Recherche zur südindischen Musik
Blick über die Ennore Bucht bei Chennai (Foto: CC-by-sa PlaneMad/Wikimedia)
„Ragamalika“ wird die Verbindung verschiedener Ragas genannt, eine „Raga-Girlande“, und sie stellt eine Ausnahme in der indischen Konzertpraxis dar, in der prinzipiell die Einheit eines Ragas für die Länge einer einzelnen Interpretation gewahrt wird, ob sie nun 3 Minuten, 30 Minuten oder länger dauert: der Tonvorrat, die Skala und die typische Ausgestaltung der Melodielinien bleibt – bei aller Freiheit der Improvisation – unverändert, 1 falscher Ton würde das Tongebäude zum Einsturz bringen. Im Vortrag der Ragamalika gehört es zur besonderen Aufgabe, mehrere Raga-Charakteristiken nahtlos ineinander übergehen zu lassen. Im Fall der vorliegenden Aufnahme hört der Kenner nacheinander folgende Ragas:
Anandabhairavi, Begada, Hamir Kalyani, Devagandhari, Salaga Bhairavi und Sindhu Bhairavi.
Mir sind nur wenige dieser Ragas gut bekannt, Sindhu Bhairavi etwa, oder Kalyani, aber – anders als in Nordindien – sind in Südindien, in der sogenannten karnatischen Kunstmusik, buchstäblich unzählige in Gebrauch. Ich schlage daher in dem großartigen Werk von Ludwig Pesch nach: The Oxford illustrated Companion SOUTH INDIAN CLASSICAL MUSIC Oxford University Press 1999. Dort werde ich glücklicherweise in allen Fällen fündig, und mit den Skalen versehen kann ich mich in der konkreten Musik auf die Suche begeben und die Reichweite der einzelnen Ragas bestimmen. Aber man darf sich nicht täuschen: ohne das Hintergrundwissen dieses Buches und viel Praxis kann man mit dieser Tafel allein wenig anfangen.
Ich sehe in Reihe 2 „Anandabhairavi“, in Reihe 4 „Begada“ – und hoffe, dass mir der Übergang nicht entgehen wird, da allein die Terzen schon einen Unterschied wie zwischen Moll und Dur ausmachen werden. Ich werde es melden…

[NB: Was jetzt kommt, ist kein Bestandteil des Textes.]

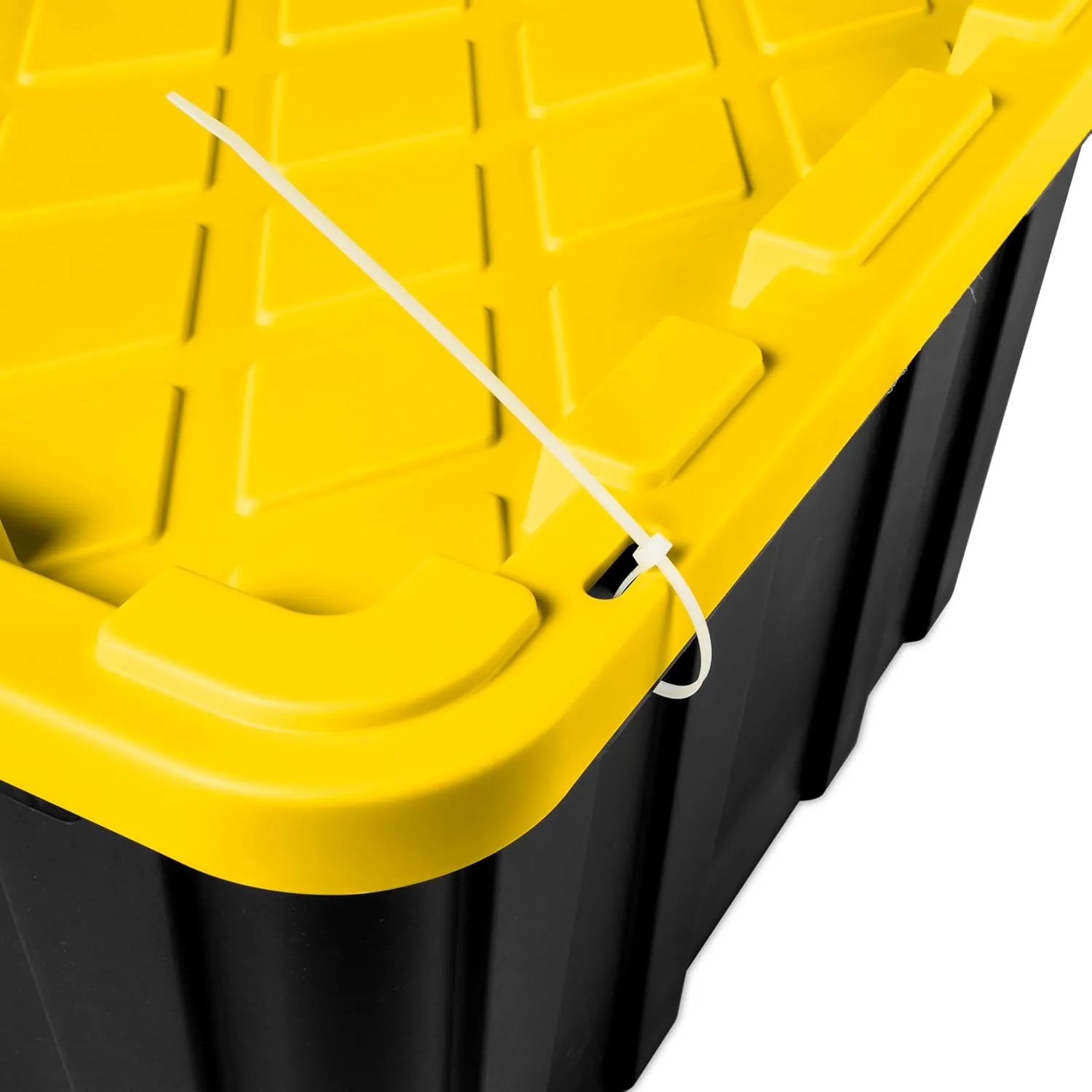 Sterilite 38 Gal Industrial Tote, Stackable Storage Bin with Snap-Fit Lid for Garage, Basement & Attic Storage, Black Base and Yellow Lily Lid, 4-Pack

Es ist interessant, das Mienenspiel und die Gesten des Sängers zu beobachten, egal ob man es aus der Sicht eines „Kulturfremden“ als unangemessen oder affektiert empfindet (was ganz im Auge des Betrachters liegen mag): es hat nicht mit Affekten zu tun, die aus einer (kaum beurteilbaren) Textdeutung abzuleiten sind, sondern mit dem unmittelbaren Verlauf der Melodielinie. Das ist wunderbar. Wir aber dürfen vielleicht anfangen, uns eher „technisch“ anzunähern, indem wir die Töne und Skalen identifizieren. Das Andere kommt im Laufe der wachsenden Erfahrung von selbst.
Und tatsächlich: man erkennt Grundton, Quinte und Nebentöne, im übrigen ein leicht berührtes E, und endlich ein Es, gerade dort – bei 1:09 – sagt der Sänger „Anandabhairavi“! Ich warte auf die hohe Oktave und eine Rückkehr, um sicher zu sein… er führt die Töne unauffällig ein und hat bei 2:10 bereits das hohe D erreicht. Ab 2:57 jedoch glänzt die Oktave mehrfach, bei 4:51 sagt er „Begada“, nachdem er gerade den Ton E mit Sorgfalt etabliert hat. Als nächstes wird uns „Hamir Kalyani“ begegnen. Ich finde auf einer anderen Tafel bei Pesch zwei Varianten davon (ich kenne Kalyan aus Nordindien, der Raga ist auch als Yaman bekannt, die lydische Kirchentonart), Achtung: Fis wechselt mit F je nach Richtung der Melodielinie. Der Sänger kündigt den Raga an bei 8:17.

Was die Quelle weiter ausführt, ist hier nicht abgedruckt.